Web page caption snippets
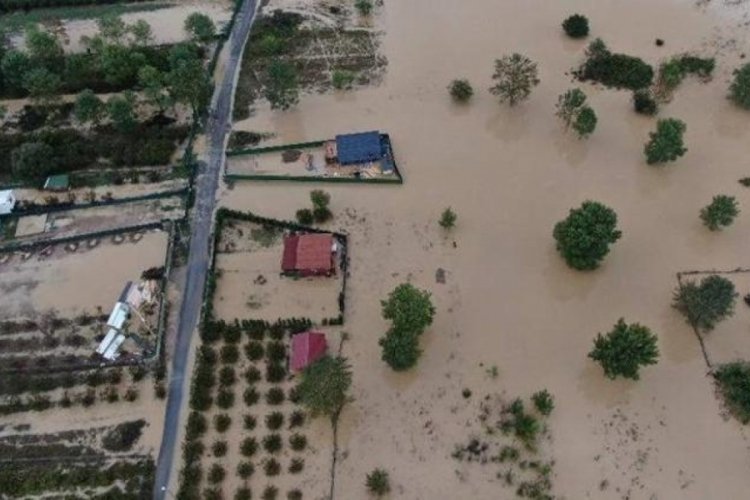 İstanbul Şile'de dere taştı! Tarım arazileri ve bungalovlar su altında kaldı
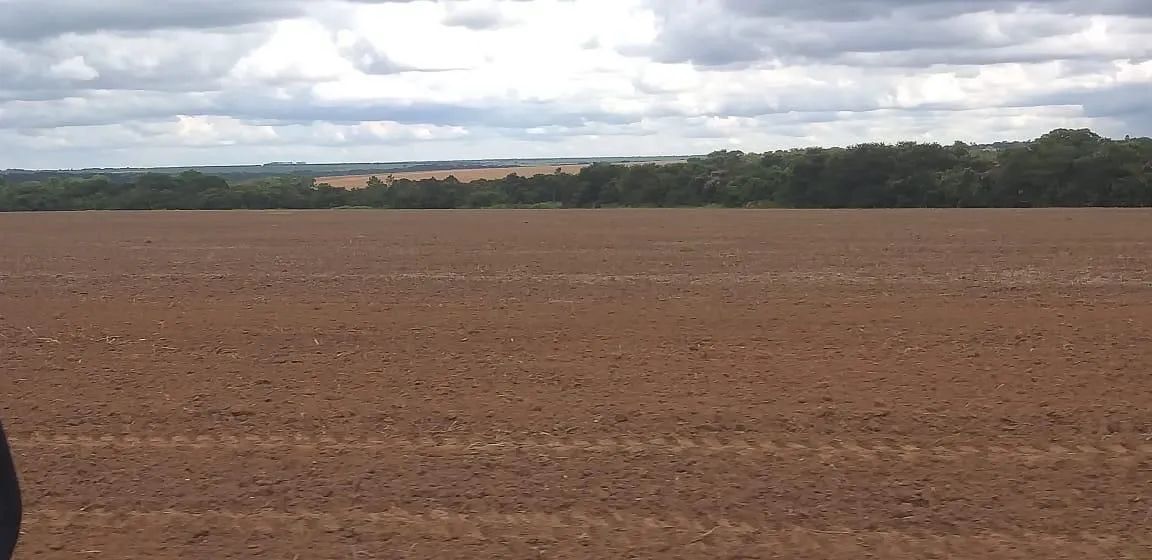 Fazenda de arrendamento 600hec em Canarana MT.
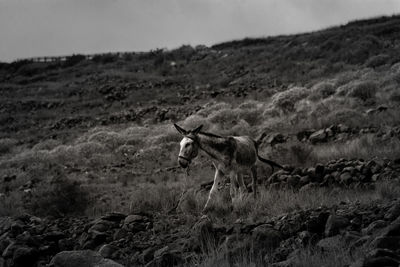 View of sheep on field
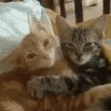 CE_CattoHugs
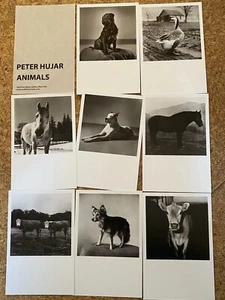 Peter Hujar ANIMALS 8 original postcards NEW - Picture 1 of 2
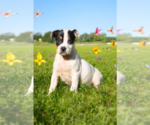 Small #11 Basenji-Rat Terrier Mix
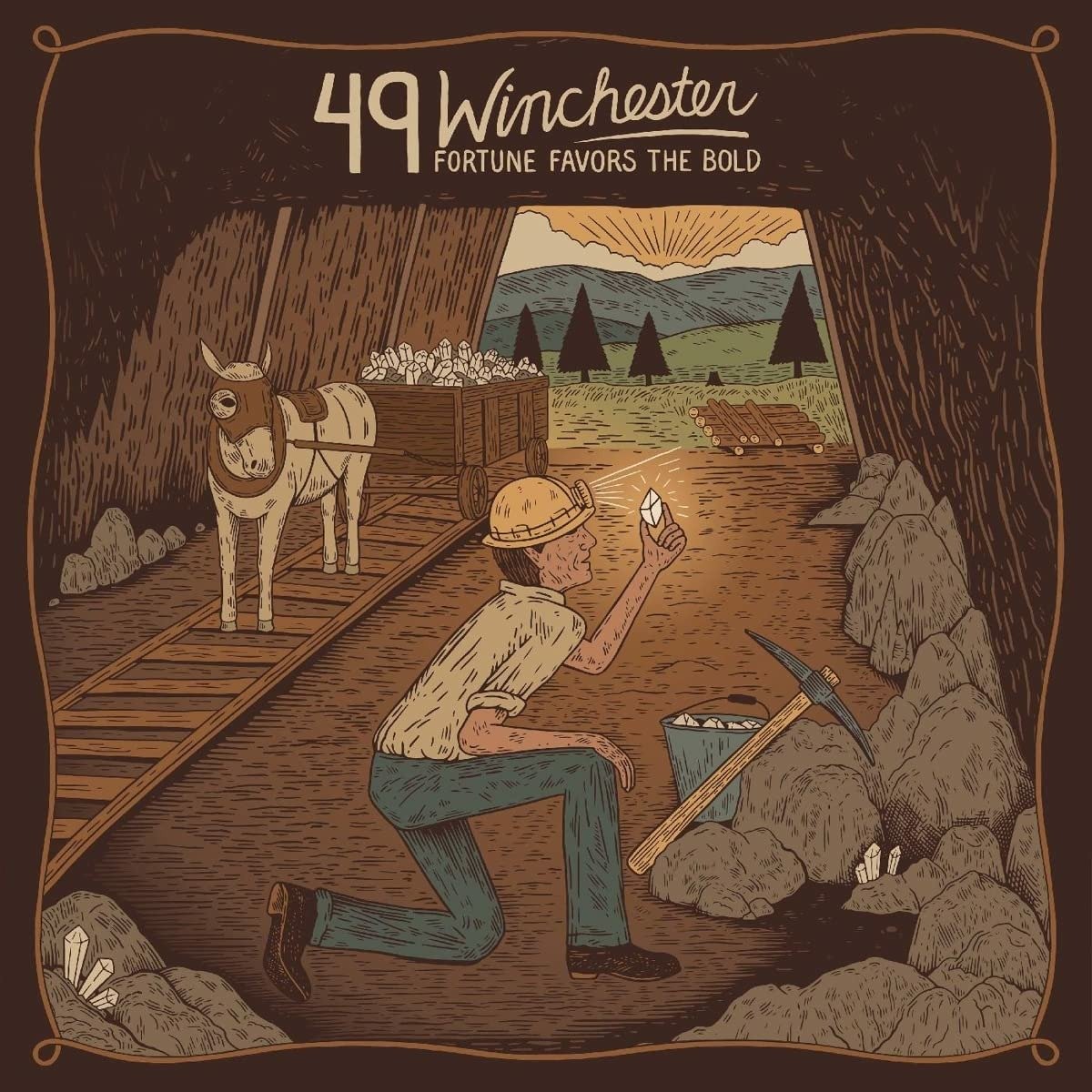 49 WINCHESTER - FORTUNE FAVORS THE BOLD, CD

Problem
Restate the entries verbatim, without pictures.

Result of the exercise
 İstanbul Şile'de dere taştı! Tarım arazileri ve bungalovlar su altında kaldı
 Fazenda de arrendamento 600hec em Canarana MT.
 View of sheep on field
 CE_CattoHugs
 Peter Hujar ANIMALS 8 original postcards NEW - Picture 1 of 2
 Small #11 Basenji-Rat Terrier Mix
 49 WINCHESTER - FORTUNE FAVORS THE BOLD, CD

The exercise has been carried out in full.